Look below for the line with "Baseball player's hand" and the line with "Top view of"; repeat exactly those two lines and all lines between them, but no pictures.

EXERCISE DATA:

-=-=-=-=-

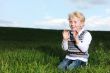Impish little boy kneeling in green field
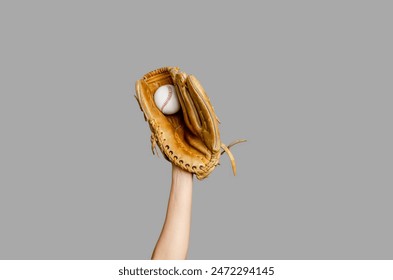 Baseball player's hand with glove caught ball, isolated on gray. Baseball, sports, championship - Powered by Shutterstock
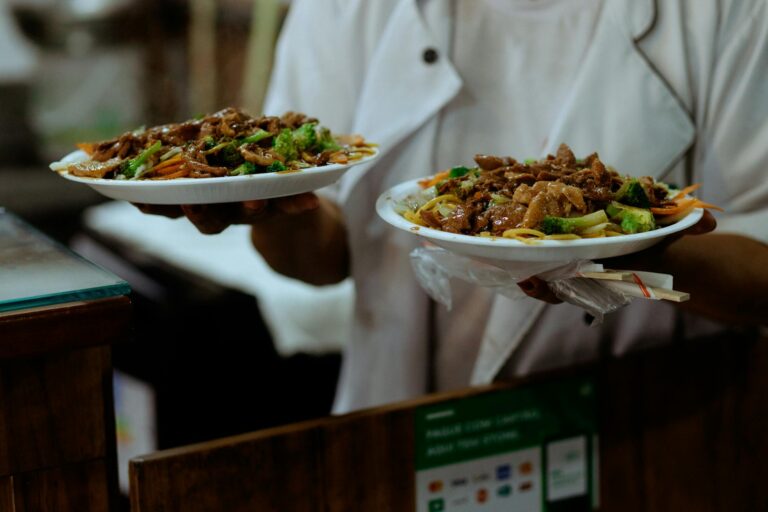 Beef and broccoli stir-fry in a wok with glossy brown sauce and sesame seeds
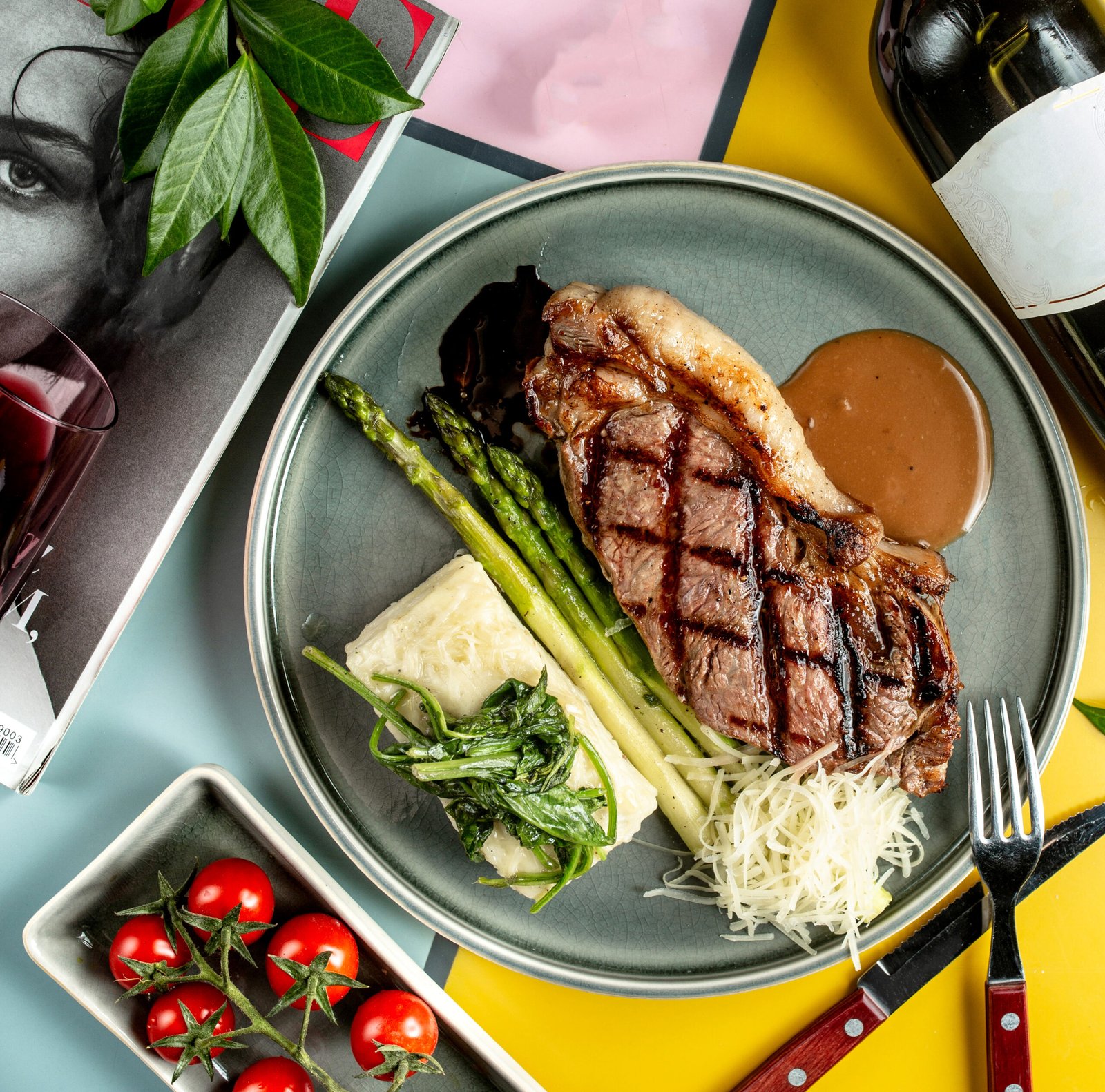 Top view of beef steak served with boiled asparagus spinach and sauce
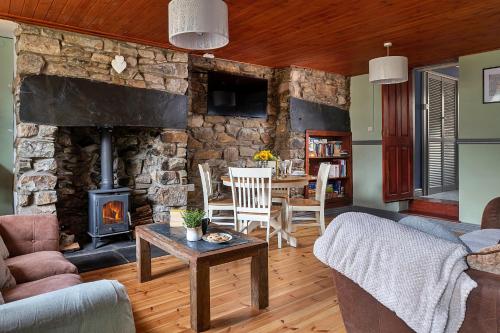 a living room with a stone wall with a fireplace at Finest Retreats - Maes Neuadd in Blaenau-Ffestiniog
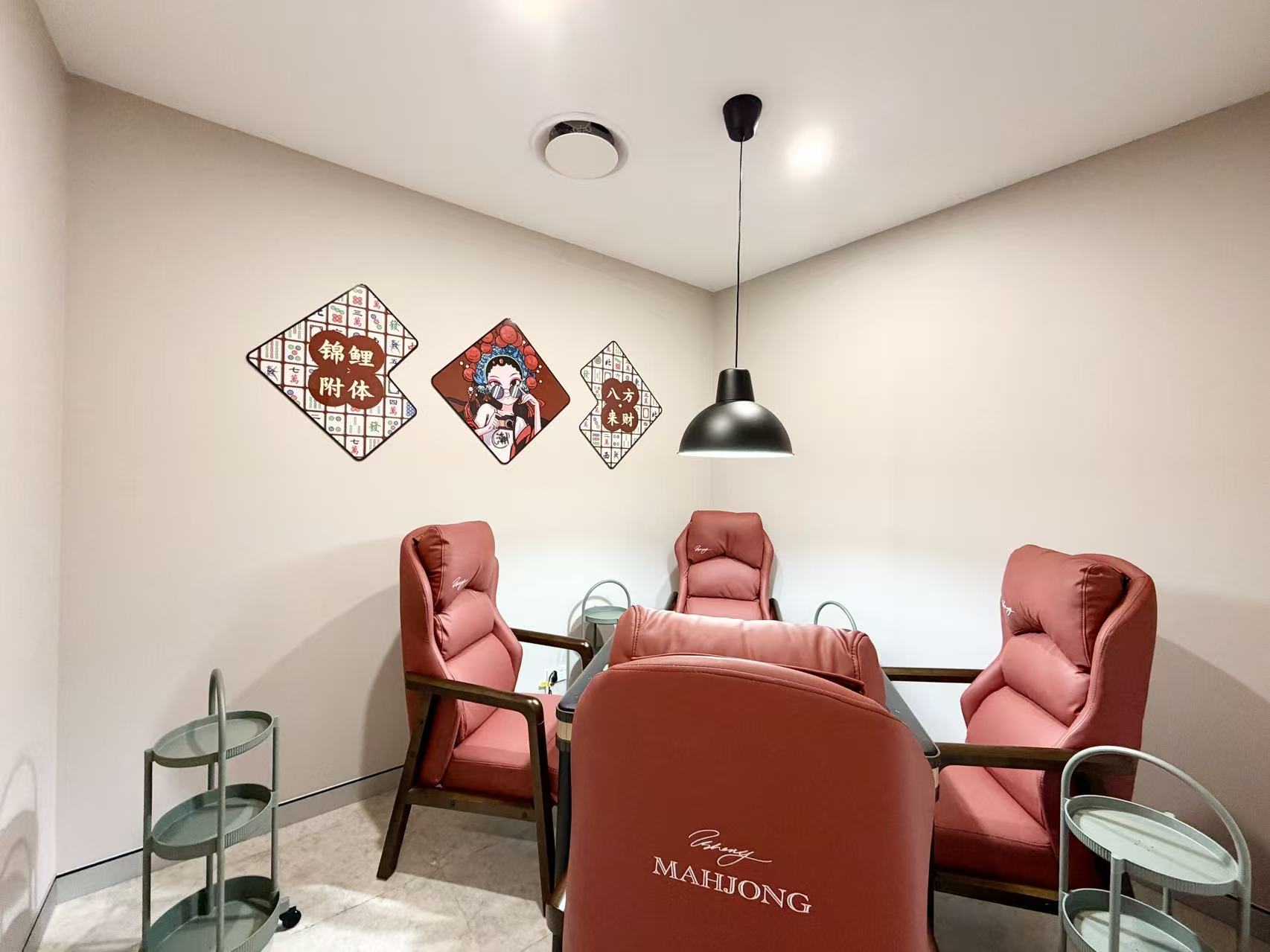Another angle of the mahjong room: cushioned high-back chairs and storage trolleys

-=-=-=-=-

TASK ANSWER:
 Baseball player's hand with glove caught ball, isolated on gray. Baseball, sports, championship - Powered by Shutterstock
 Beef and broccoli stir-fry in a wok with glossy brown sauce and sesame seeds
 Top view of beef steak served with boiled asparagus spinach and sauce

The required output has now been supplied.